ISLAMABAD: The caretaker Prime Minister Anwaarul Haq Kakar sprang into action over the reported breach of confidentiality by Pakistan LNG Limited (PLL) as reported in ‘The News’ story and directed the secretary petroleum to look into the matter of confidentiality breach with SOCAR - an Azeri state-owned company - and submit a report to him.
Confirming the development, the senior officials of the energy ministry said, “Yes, the Prime Minister has taken serious notice of the confidentiality breach which may endanger the GtG agreement with Azerbaijan and to this effect the top functionaries of the ministry remained busy and spent the whole day trying to find out as to why it had happened.”

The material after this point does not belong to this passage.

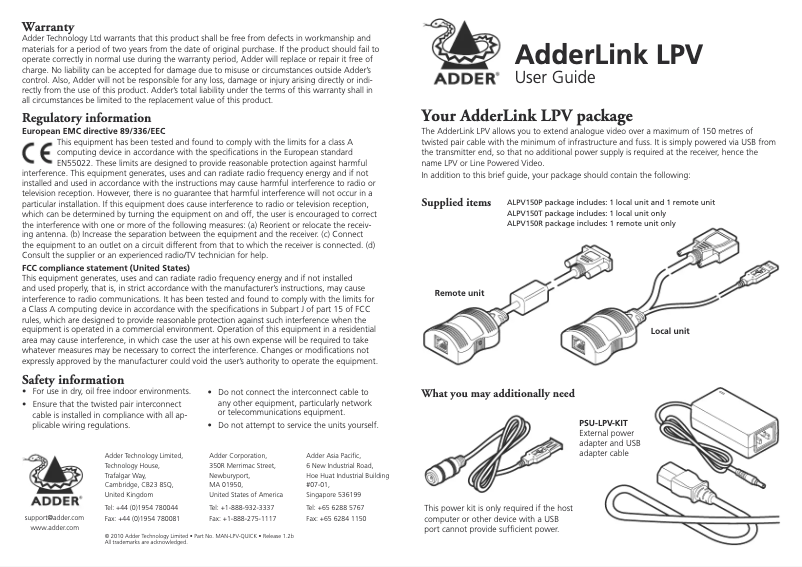 Página nº 1 - Manual de usuario Adder ALPV150R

The Energy Minister Mohammad Ali is also accompanying the premier during visit to the UAE and the report will be submitted to the energy minister who will then explain to the PM on the issue, they added.

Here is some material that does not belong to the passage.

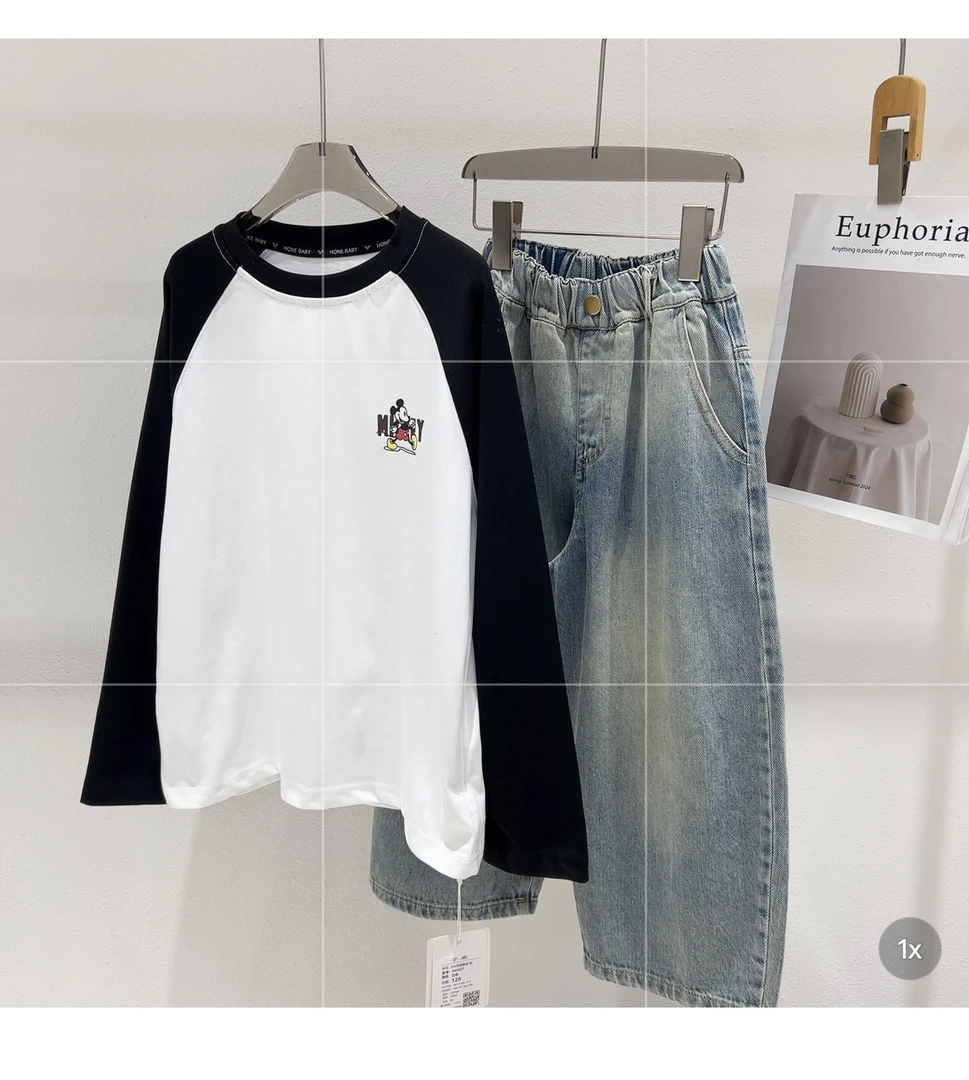 柳柳定制  2025春季新品印卡通鼠款韩版插肩袖中大童T恤  880227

The energy ministry official said the ministry is now in the process of making new SOPs for purchasing the gas through bids and in future, it will not use the price from SOCAR under GtG agreement to bargain with the bidders price. He admitted that the PLL board and its management had played the foul by using the price offered by SOCAR under the GtG contract for further lowering the price of LNG cargo from the lowest bidder. This will lead to the mistrust not only among the LNG trading companies but also with the friendly country of Azerbaijan.
The official said that the PLL board and its management has made this wrong decision collectively which is why no one personally will be fixed for this wrong decision. The decision has helped save Rs800 million but it triggered the mistrust among the LNG trading companies and Azerbaijan’s SOCAR with which PLL is in GTG agreement for LNG cargo a month.

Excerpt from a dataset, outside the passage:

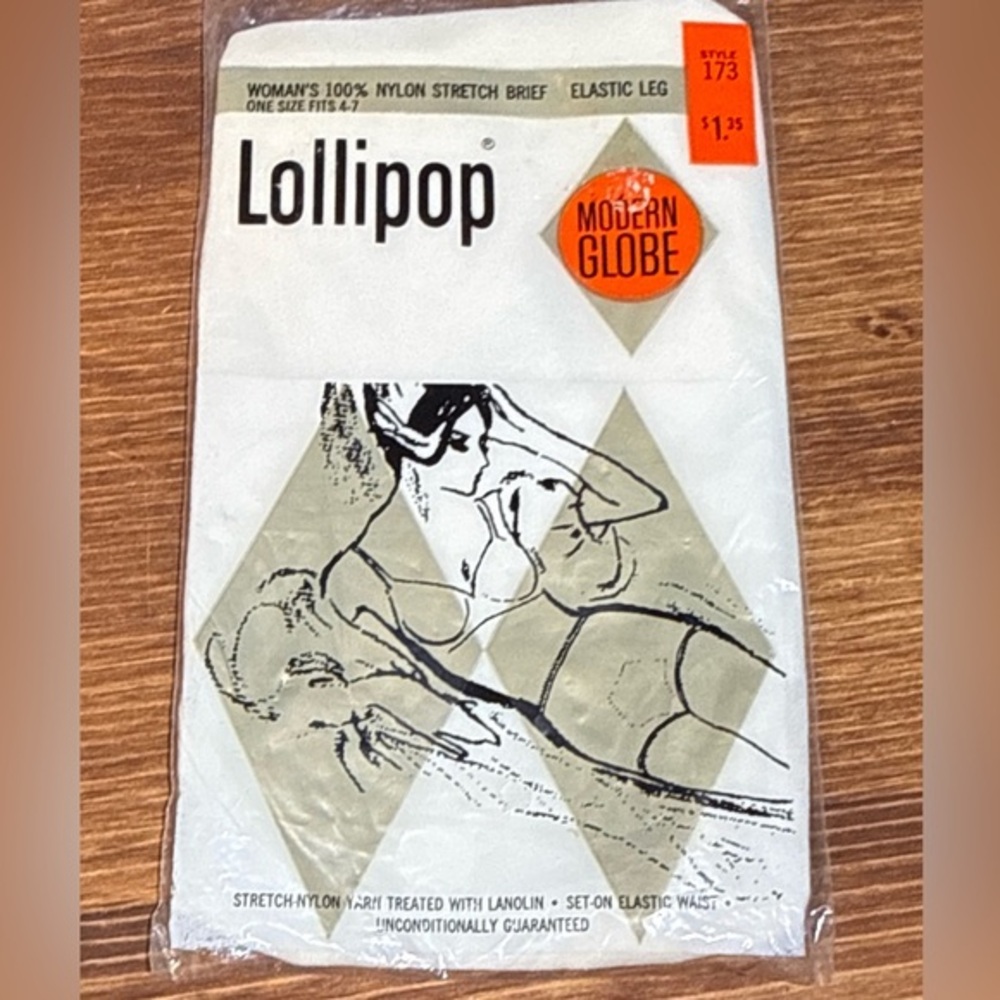 Vintage Lollipop Nylon Stretch Brief Panties One Size Fits 4-7 Elastic Waist Leg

Quoting the senior officers involved in the bidding process, ‘The News’ published the story “LNG deal with Azerbaijan’s SOCAR may hit snags over breach of confidentiality’ reporting that the PLL used the price offered from SOCAR as a tool to bring down the bid price from lowest bidder OQ trading, which was at $18.46 per MMBtu. However, the price was still higher than the previous spot cargoes procured by Pakistan LNG Limited.
The PLL Board met after the bids were opened and decided to contact SOCAR for its offer for January LNG cargo.
In return, SOCAR offered the LNG price at $17.96 per MMBtu, but PLL management cleverly contacted OQ trading and let it know about the SOCAR offer, which was under GtG, not the bidding process.
It asked the lowest bidder to match the SOCAR offer. The OQ trading revised down its offer to $17.95 per MMBtu than the SOCAR-offered price below one cent. This is how the PLL managed the LNG cargo for January at $17.95 by using SOCAR’s price as a tool to bargain with the lowest bidder.